文章目录

1 Background

离线计算的 Spark 任务中，会提供「最小副本数」作为离线计算任务的 Executor 数。也就是说，当 Spark Job 最大的资源数就是500个 Executor，这样会导致 task 数量较多的任务一直在等待资源，并发度其实是被限制的，当然，写成1000个，也可能会导致资源浪费的问题。task 数量多，并行处理数为 cores * executors = 2 * 500 = 1000，也就是说同时处理1000个 task。

on Yarn 很早就提供了 Dynamic Resource Allocation(DRA)，Spark Executor 可以根据 workload(task 数量) 进行 scale。

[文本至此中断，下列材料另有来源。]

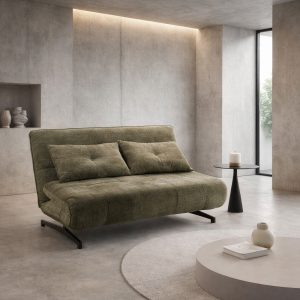 ESCADA ΚΑΝΑΠΕΣ ΚΡΕΒΑΤΙ 2ΘΕΣΙΟΣ ΑΝΑΔΙΠΛΟΥΜΕΝΟΣ ΛΑΔΙ 142x88x86cm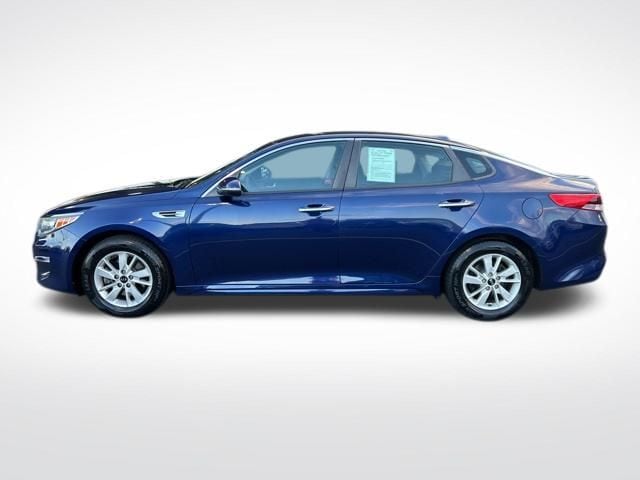 Used 2017 Kia Optima LX with VIN 5XXGT4L34HG123250 for sale in Forest, VA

所以就不用填这个参数了，spark.executor.instances。

Spark 2.2 on K8S 提供了一种 shuffle service 的实现，可以支持 DRA。

2 Practice

2.1 spark shuffle service

部署 Spark shuffle service 的 DaemonSet。

apiVersion: extensions/v1beta1
kind: DaemonSet
metadata:
  labels:
    app: spark-shuffle-service
    spark-version: 2.2.0
  name: shuffle
spec:
  template:
    metadata:
      labels:
        app: spark-shuffle-service
        spark-version: 2.2.0
    spec:
      volumes:
        - name: temp-volume
          hostPath:
            # 本地 cache/shuffle 的地址
            path: '/tmp/spark-local' # change this path according to your cluster configuration.
      containers:
        - name: shuffle
          # This is an official image that is built
          # from the dockerfiles/shuffle directory
          # in the spark distribution.
          image: kubespark/spark-shuffle:v2.2.0-kubernetes-0.4.0
          imagePullPolicy: IfNotPresent
          volumeMounts:
            - mountPath: '/tmp/spark-local'
              name: temp-volume
              # more volumes can be mounted here.
              # The spark job must be configured to use these
              # mounts using the configuration:
              #   spark.kubernetes.shuffle.dir=<mount-1>,<mount-2>,...
          resources:
             requests:
               cpu: "1"
             limits:
               cpu: "1"

2.2 spark groupbytest

测试一个 shuffle 程序，测试脚本如下。

bin/spark-submit 
 --deploy-mode cluster 
 --class org.apache.spark.examples.GroupByTest 
 --master=k8s://https://kubernetes.default.svc      
 --kubernetes-namespace dbyin 
 --conf spark.local.dir=/tmp/spark-local 
 --conf spark.app.name=group-by-test 
 --conf spark.dynamicAllocation.enabled=true 
 # shuffle 启动
 --conf spark.shuffle.service.enabled=true 
 --conf spark.kubernetes.shuffle.namespace=dbyin 
 --conf spark.kubernetes.shuffle.labels="app=spark-shuffle-service,spark-version=2.2.0" 
 # spark.dynamicAllocation.minExecutors - Lower bound on the number of executors
 --conf spark.dynamicAllocation.minExecutors=13 
 # spark.dynamicAllocation.maxExecutors - Upper bound on the number of executors
 --conf spark.dynamicAllocation.maxExecutors=20 
 # spark.dynamicAllocation.initialExecutors - Number of executors to start with
 --conf spark.dynamicAllocation.initialExecutors=13 
 --conf spark.kubernetes.driver.docker.image=hub.oa.com/dbyin/spark-driver-runzhliu:0.0.2 
 --conf spark.kubernetes.executor.docker.image=hub.oa.com/dbyin/spark-executor-runzhliu:0.0.2 
 local:///opt/spark/examples/jars/spark-examples_2.11-2.2.0-k8s-0.5.0.jar 10 4000000 2

查看日志，Spark 启动的 Executor 按照最小值启动 13 个（默认10个）。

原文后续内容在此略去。